Participation has resulted in some bonuses that stretch beyond the platform and the technology.
There’s been a lot of interest in this space (IDPs) and a lot of companies with similar mindsets about this have started reaching out to us. Organizations want to know exactly what we’re doing, or not doing, and what technologies work best for us.
Vikram Sethi
Principal Scientist,
Developer Platforms
In the end that’s translated to some serious “street cred” for Adobe, Sandoval offered. “We do get a lot more inquiries about how we’re using these things,” he said. “A lot of our large cloud providers who are partners reach out to us for feedback on projects or if they should incorporate things we’ve done into their projects as well. We’re all really trying to help uplevel each other as we adopt some of these projects and I definitely think our visibility has risen.”

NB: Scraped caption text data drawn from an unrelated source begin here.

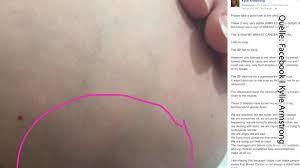 So Sieht Brustkrebs Aus Sie Will Andere Frauen Warnen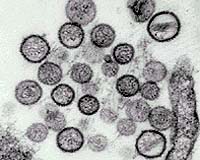 Colorado Team Developing Flu Chip For Fast, Accurate Diagnosis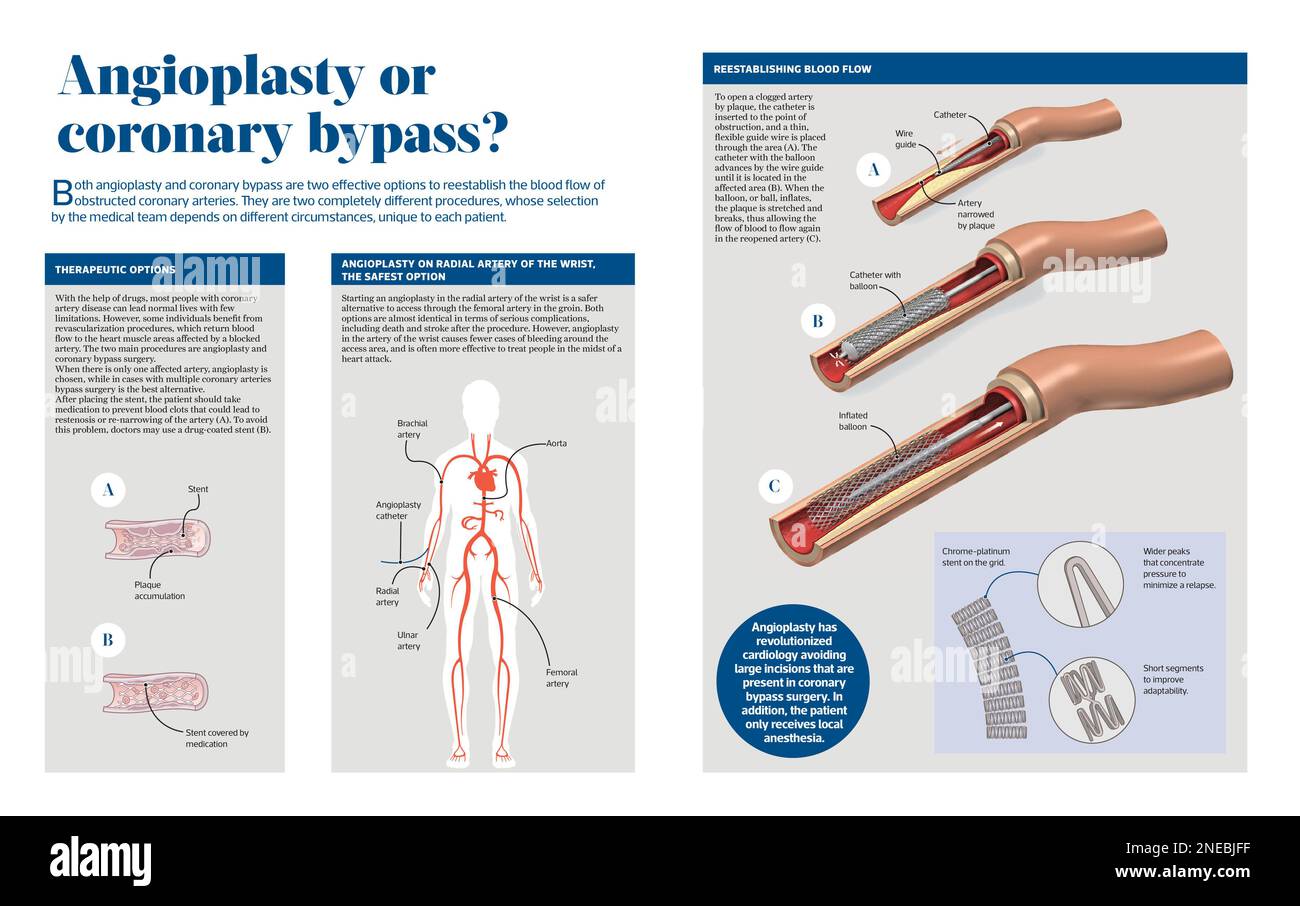 Infographic about angioplasty and gastric bypass, two alternatives to reestablish the blood flow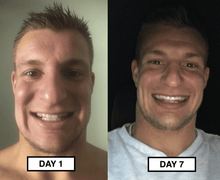 Load image into Gallery viewer, Snow® At-Home Teeth Whitening Kit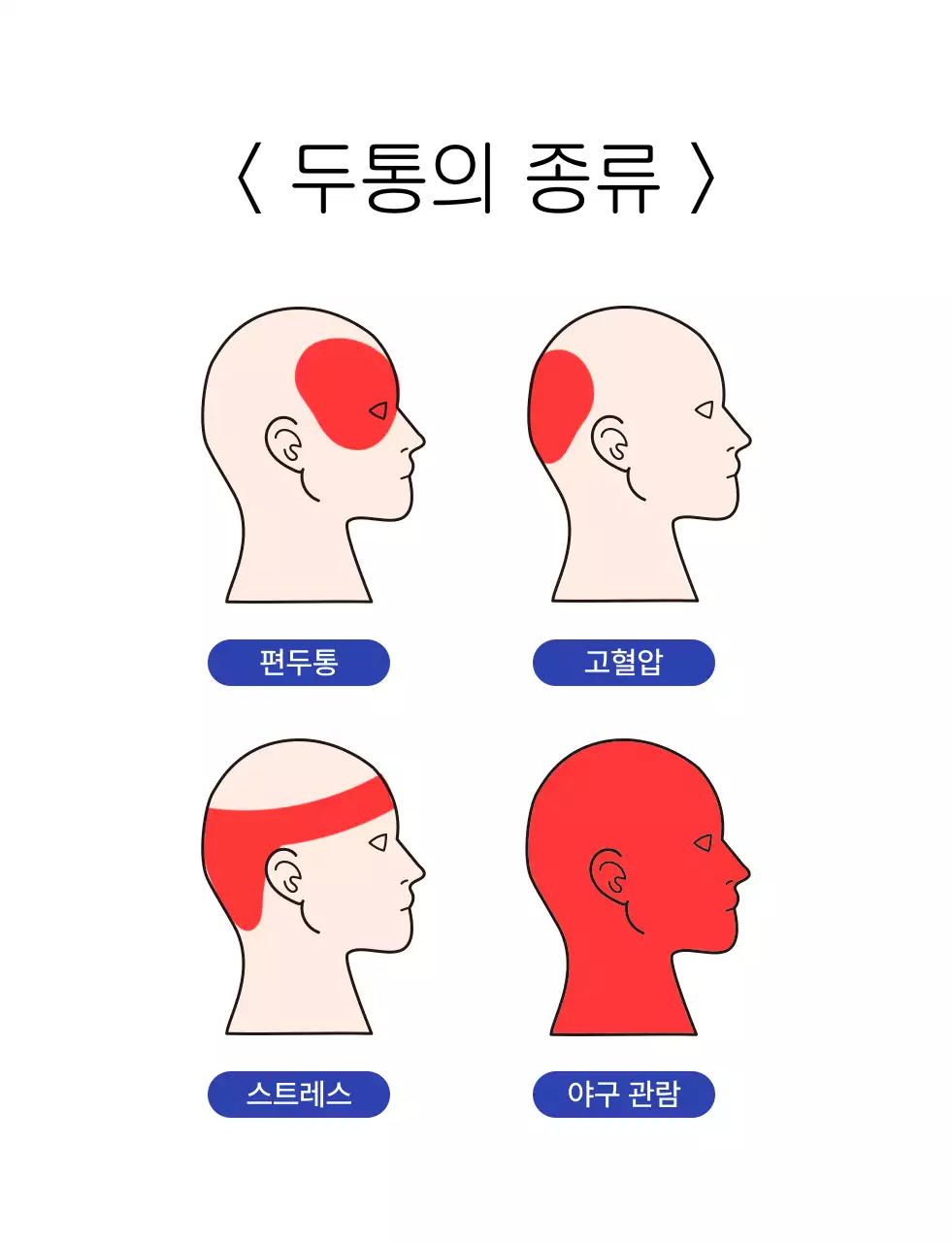 빨강 야구 두통 안내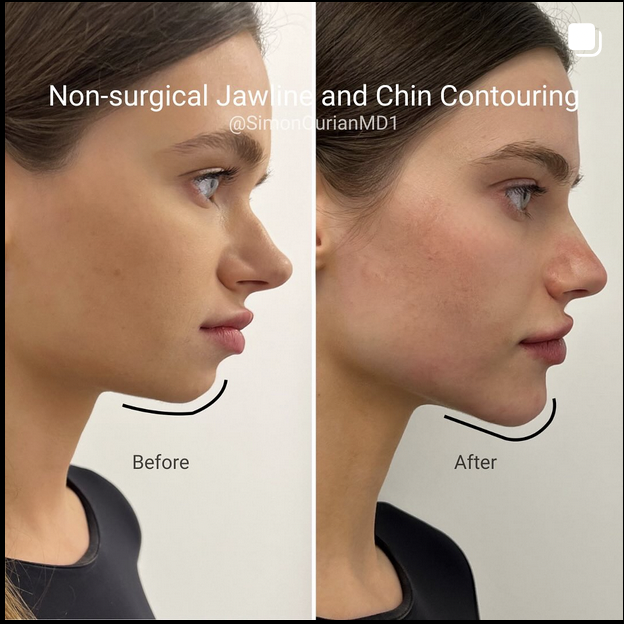 Sculpting the jawline Double chin reduction with radio frequency Epione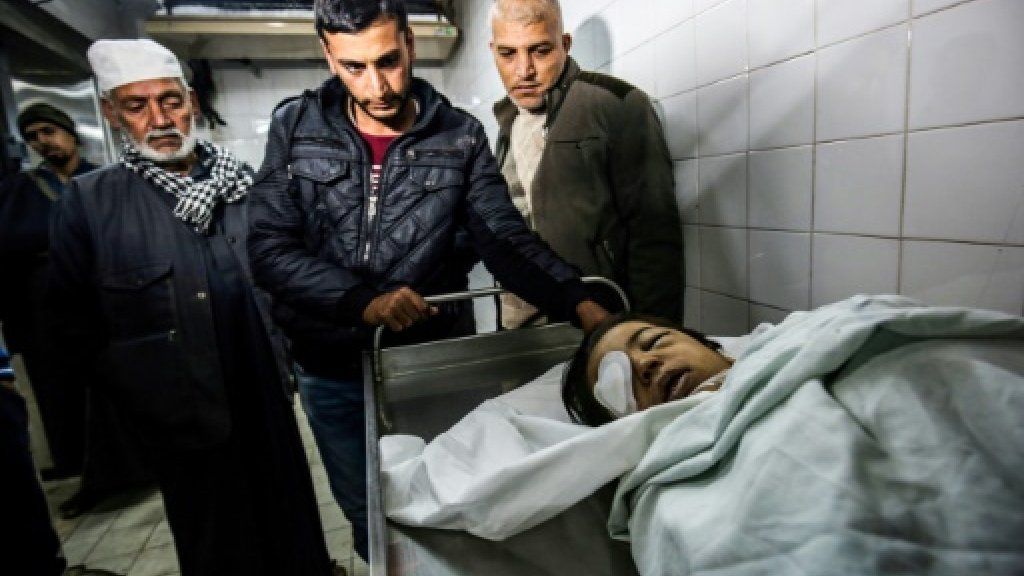 Bocah Palestina Tewas Diduga Kena Pecahan Peluru saat Bentrokan Gaza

Recognized cloud native at scale leadership
Adobe’s participation in CNCF has also brought another recognition: the company is now one of the largest cloud native players pushing these initiatives at scale. “Very few companies are in this space,” Sethi said.
With the scale we handle – our amount of clusters, traffic and our CI/CD solution – and our types of use cases, companies are particularly interested in reaching out to us because in their opinion we’re ahead of the curve. As far as the industry is concerned we are trying to disrupt and to sort of lead the way in terms of how people should think about IDPs. From a cloud leadership perspective, our situation is pretty unique.
Vikram Sethi
Principal Scientist,
Developer Platforms
The ability to help shape the future of cloud native
Adobe’s unique situation gives the team an ideal opportunity to participate in CNCF’s initiatives and directions. Sandoval said that the Karpenter project, a Kubernetes node lifecycle manager recently donated to CNCF and driven by AWS, is an excellent example of how this can work. Adobe was eager to sponsor Karpenter to ensure it became part of CNCF directly and brought Microsoft into the project. “We played a very influential role in that project,” Sandoval said, adding that Adobe played a crucial role in helping Intuit craft the Argo project.
Standing out in a tough hiring (and retention) market
Whether the Adobe team is contributing to future CNCF projects, speaking at conferences like Autodesk Data, or hosting their own IDP mini-summit during ArgoCon in 2022, they’re sending a clear signal to current and future tech hires: this is a fast-moving, flexible, and creative cloud native enterprise that takes open source very seriously. Hiring-wise, Peri thinks Adobe’s thought leadership in the open source space makes the company a beautiful workplace. Also, it doesn’t hurt that the Adobe culture is open to even potentially complex changes.
“We had a lot of in-house CI/CD tools that were working and really everything was working right,” Peri said. “But we took on a challenge and disrupted it all and now we’re showcasing what we did and showing others how to do it. I think we have a good story to tell here.” And when it comes to retention, team enthusiasm for the CNCF projects (and Sandoval’s recent talk) has created a buzz of excitement.
I think our brand and what we are doing, at least in the last two years, gives a lot of energy to many of our engineers.